— Такты правду говоришь, что если Михаил на тебя, как говорится, наплюет и будет на севере жить, то ты придешь ко мне? — Куш-Юр наклонился к Сандре, чтобы никто их не слышал, и ласково смотрел на нее.
Сандра кивнула головой и, взглянув на него, чуть улыбнулась.
— Хорошо, — прошептал Куш-Юр и поцеловал ее в щеку.
Сандра не отстранилась, а, наоборот, еще теснее прижалась к нему. Но тут Куш-Юр встрепенулся, и она испуганно подняла голову.
В четвертом классе стало еще теснее и шумней от говорливой мужской компании, которая ввалилась разом. И Куш-Юр и Сандра, оба вскочили, обрадовались нежданному-негаданному появлению вотся-гортцев. Сандра вмиг оживилась:
— Еще бы Елення, да Марья, да ребятишки и — словно дома. — Она умильно сложила руки на груди.
— А чего мы тут теснимся в духоте? Айда на корму, — позвал Эль. Кто подхватил Мишкины кошели-пожитки, кто Сандру под руку — и всей компанией вывалили на волю.
Выбрали место возле припасенных для пароходных котлов поленниц дров, плотно уложенных под дугообразными железными стойками. Здесь не дуло, никто не мешал откровенным разговорам.
Эль пошептался с Гришем, забрал свое и его лукошки и исчез. Вскоре он вернулся с бутылкой первача. Сандра достала кружку. И Гажа-Эль поднес всем по очереди, начав с Куш-Юра. Со стороны могло показаться, будто они не виделись по меньшей мере век. Говорили шумно, все враз, вспоминали Вотся-Горт.
Чаянно или нечаянно с ними рядом оказался Озыр-Митька. Он по-бабьи взвизгнул и пропел:
— А вы и тут сходку устроили! Про парму свою дурацкую небось? Распалась, слыхал. Домой вертаетесь? Ну-ну, я ж говорил… — Он довольно захихикал.
Гриш взглянул на него искоса, сказал сдержанно:
— Уйди, Митрий, подале от беды-греха…
Озыр-Митька потер большим пальцем подбородок, будто раздумывал, как поступить, потом заложил важно руки за спину и отошел..
Хотя Озыр-Митька и покинул их, беседа больше не налаживалась, словно развеяло дух сердечности.

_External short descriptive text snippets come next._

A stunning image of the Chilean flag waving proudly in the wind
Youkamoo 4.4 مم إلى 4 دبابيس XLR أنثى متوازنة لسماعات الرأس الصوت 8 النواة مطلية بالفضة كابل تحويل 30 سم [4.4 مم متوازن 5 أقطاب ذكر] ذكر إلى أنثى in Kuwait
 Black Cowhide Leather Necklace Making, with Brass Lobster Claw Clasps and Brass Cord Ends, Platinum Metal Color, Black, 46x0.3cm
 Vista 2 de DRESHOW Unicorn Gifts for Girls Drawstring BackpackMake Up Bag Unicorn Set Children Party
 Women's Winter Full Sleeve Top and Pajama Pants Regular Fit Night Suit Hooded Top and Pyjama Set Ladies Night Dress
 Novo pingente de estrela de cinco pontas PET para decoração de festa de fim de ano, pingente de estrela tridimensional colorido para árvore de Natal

— Срамота! Теперь о пас всякого напоют, — вздохнул Гриш сокрушенно.
— Умный не скажет, а дурака не слушай, — Куш-Юр положил ему руку на плечо, — Озыр-Митьку и вовсе. Пусть бы все у вас ладно было, все равно чего-нибудь бы да набрехал. Или забыл ты, какого он племени?

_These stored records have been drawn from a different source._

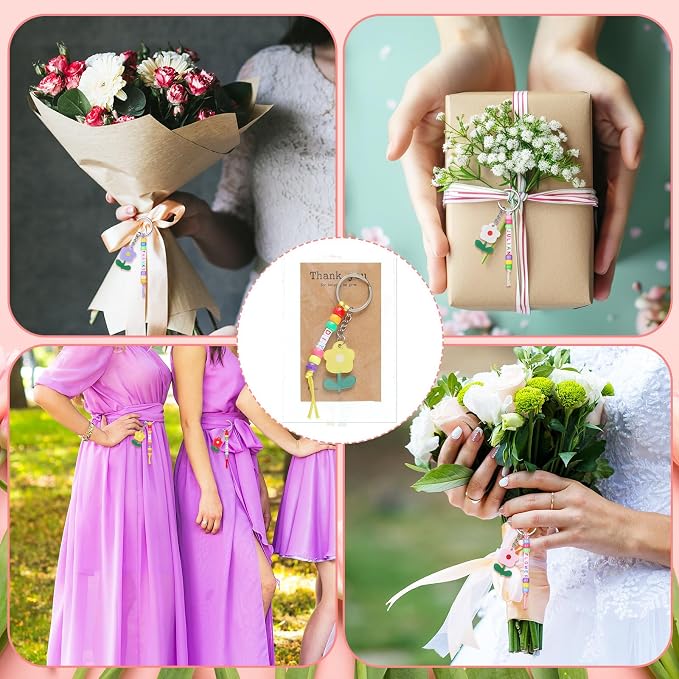 Suncalla 984 Pcs 24 Set Teacher Keychain Making Crafts Kit End of Year Teacher Keychain Gifts DIY Thank You for Helping Me Grow Gifts Flower Charm Name Letter Beads Cards Strings Kit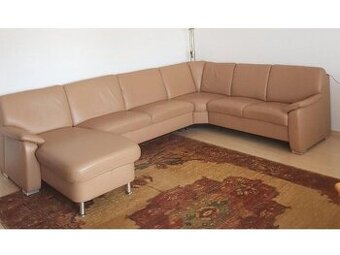 Moderní kožená sedací souprava ve tvaru "U", 3437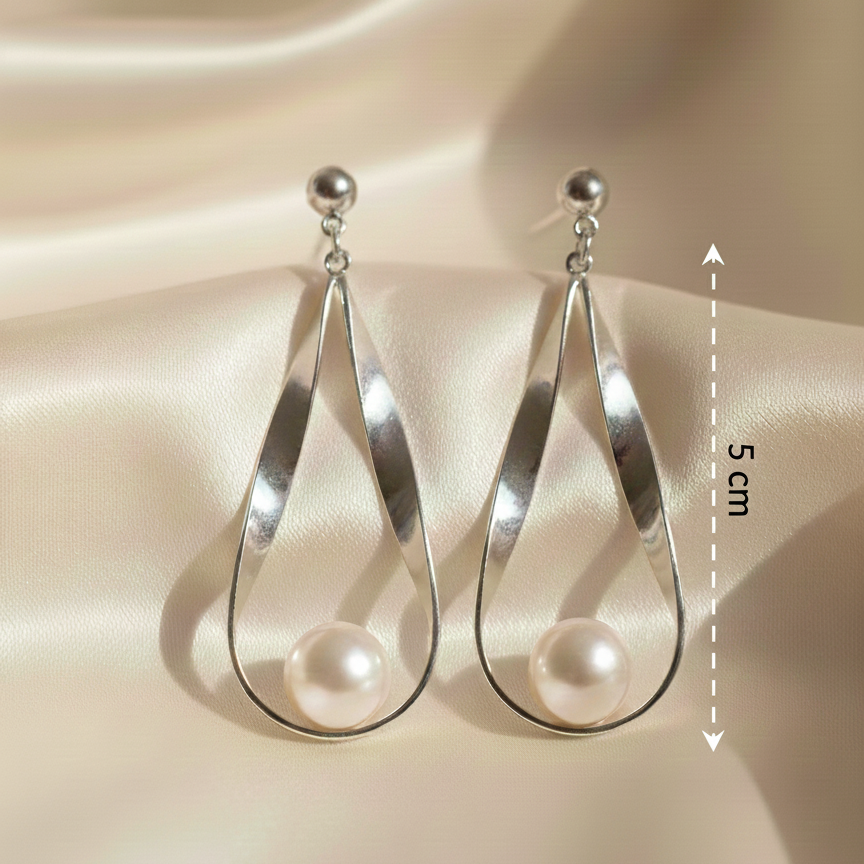 Pearl Teardrop Drop Earrings – Silver-Tone | Anti-Tarnish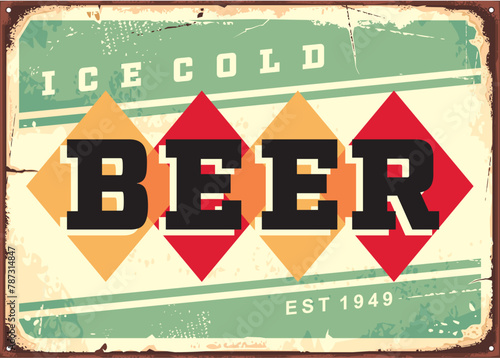 Ice cold beer vintage tin sign design for pub or cafe bar. Retro beer advertisement. Alcohol drinks vector poster illustration.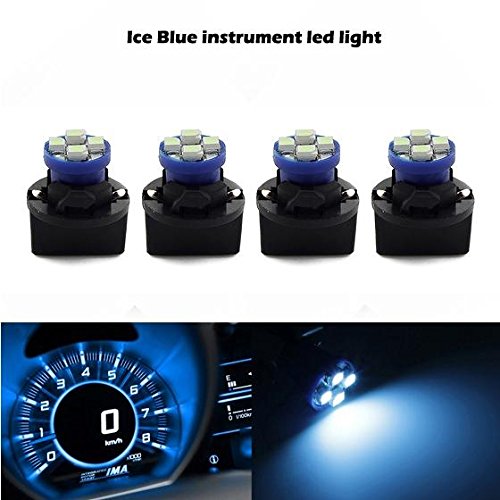 Partsam 4 Pack PC194 Led instrument Panel Dash Aqua Ice Blue Light Bulb T10 Twist Lock Socket For Ford F-150 Light Kit Partsam 108004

— Может, и так, а все одно опозорились мы. Ума не хватило! Моя во всем вина, — казнился Гриш. — Только и прощение мне, что лучшего хотел всем и себе.
— Зря это ты, зря! — горячо возразил Куш-Юр. — Хоть ты и охотник, а тоже, поди, бывает — промах даешь! Небось немало на веку популял в небо? Умному без шишек не обойтись. Наша с тобой промашка в чем? То, что годами делается, мы враз захотели сделать.
— А я так скажу: и никогда не сделается, — вставил Мишка. — Каждому свое гнездо дороже.
Куш-Юр решительно запротестовал:
— В этом ты ошибаешься, друг милый. Каждый сам по себе из бедности не вырвется. А коль кто и вырвется — значит, еще один Озыр-Митька на свете прибавится. Нет, мужики, жить нам, беднякам, надо дружно, работать только артельно. Этак не вышло, по-иному попробуем…
Сенька сидел на полешке, за все время он не проронил ни слова. Но тут вскочил, заморгал.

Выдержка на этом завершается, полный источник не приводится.